Resensi Film 3
Ketika liberalisme telah menguasai, maka agama dan keyakinan tak
lagi memiliki arti. Benarkah ungkapan ini?
Manusia adalah makhluk sosial yang tak pernah sepi dari kebutuhan
dan keinginan, nafsu dan nurani, harapan dan ambisi. Di sisi lain dia adalah makhluk
sosial yang tidak bisa lepas dari makhluk lain, baik sesama manusia maupun
dengan hewan atau tumbuhan. Ketika seorang manusia dihadapkan pada sebuah
keinginan, apakah hubungan sosial tersebut masih terpegang dalam benaknya?

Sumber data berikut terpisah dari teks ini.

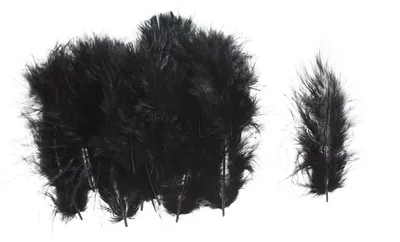 Produktbild von Marabufedern, ca. 15 Stück Schwarz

Ada sosial masyarakat yang terbentur liberalisme, ada keyakinan
yang terbentur pemenuhan kebutuhan hidup, ada ambisi perdamaian yang terbentur
kehormatan dan kesetiaan. Semua kebenturan ini bertemu dalam penokohan tiga
sahabat yang sama – sama lahir dari sebuah pesantren dengan satu guru, namun
seiring berjalannya waktu ketiganya terserat dalam pusaran modernisme dunia,
sehingga melahirkan masing – masing kisah yang saling berkesinambungan.
Judulnya 3, nama mereka Alif, Lam, dan Mim, dengan latar waktu masa
depan di Negara sendiri, film ini berhasil menyuguhkan imajinasi tentang ironi
kehidupan kelak di muka bumi. Antara kecanggihan teknologi dipadu dengan
membuncahnya semua ambisi raksasa yang semakin dipupuk subur oleh para
pemiliknya. Sehingga mengalahkan sisi – sisi kemanusiaan, menghilangkan batas
imajiner antara guru dan murid, dan melenyapkan indahnya kesetiaan kawan.
Dari karya visual berdurasi hampir dua jam ini dapat diambil
beberapa poin penting, tentang keangkuhan pemimpin, pengaruh media, dan
manipulasi berita, akan menjadi hal yang tak asing lagi di era yang semakin
maju kelak. Orang yang masih memeluk erat penghormatan keagamaan akan dengan
mudah diinjak – injak oleh nafas kapitalisme yang berhasil tertancap kuat di
batok kepala manusia.
Bukankah dunia ini tidak
lebih dari tempat berkunjung sejenak?